They went after acquiring the high-velocity power users on eBay, rather than e.g. immigrants
wiring money back home.
The power law of distribution
"One of these (distribution) methods is likely to be far more powerful than every other for any
given business: distribution follows a power law of its own."
Businesses typically only get one distribution channel to work, if any.

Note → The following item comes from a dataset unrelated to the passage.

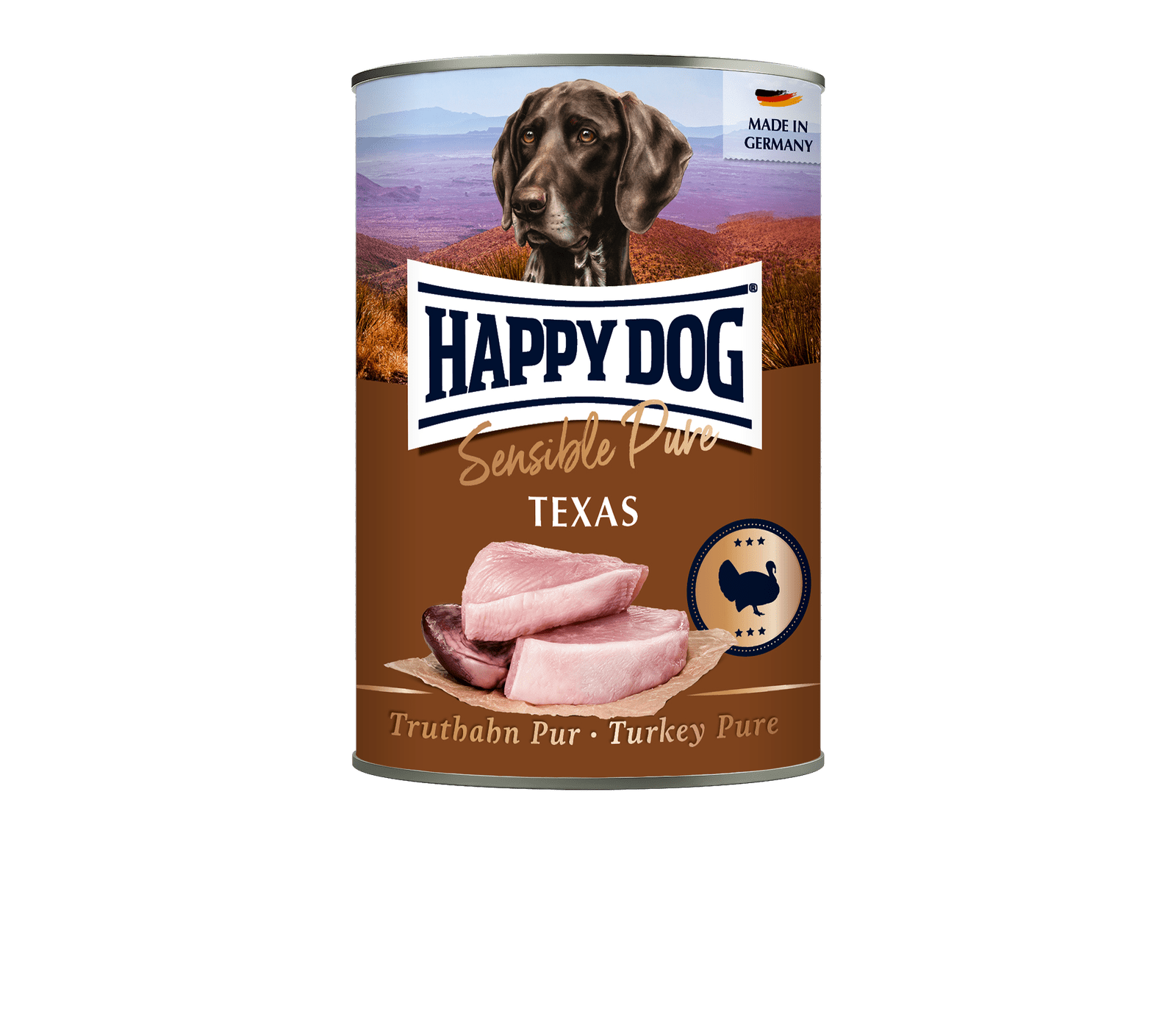 Artikel mit dem Namen Happy Dog Dose Sensible Pure Texas Truthahn im Shop von zoo.de , dem Onlineshop für nachhaltiges Hundefutter und Katzenfutter.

The kitchen sink
approach doesn't add value.
A great company appears attractive to outsiders and recruits because of the selling work, not
because of the product quality.
"Nerds who instinctively mistrust the media often make the mistake of trying to ignore it."
Consider having a public relations strategy, even if you don't need it for customer acquisition.
"The press can help attract investors and employees."
Man and machine (chap 12)
An essay about how we should build tools to enhance human productivity, and not think of machines
as purely eliminating jobs.
"Machines becoming more sophisticated and eliminating jobs is very different, and much better, than
the same happening due to globalization."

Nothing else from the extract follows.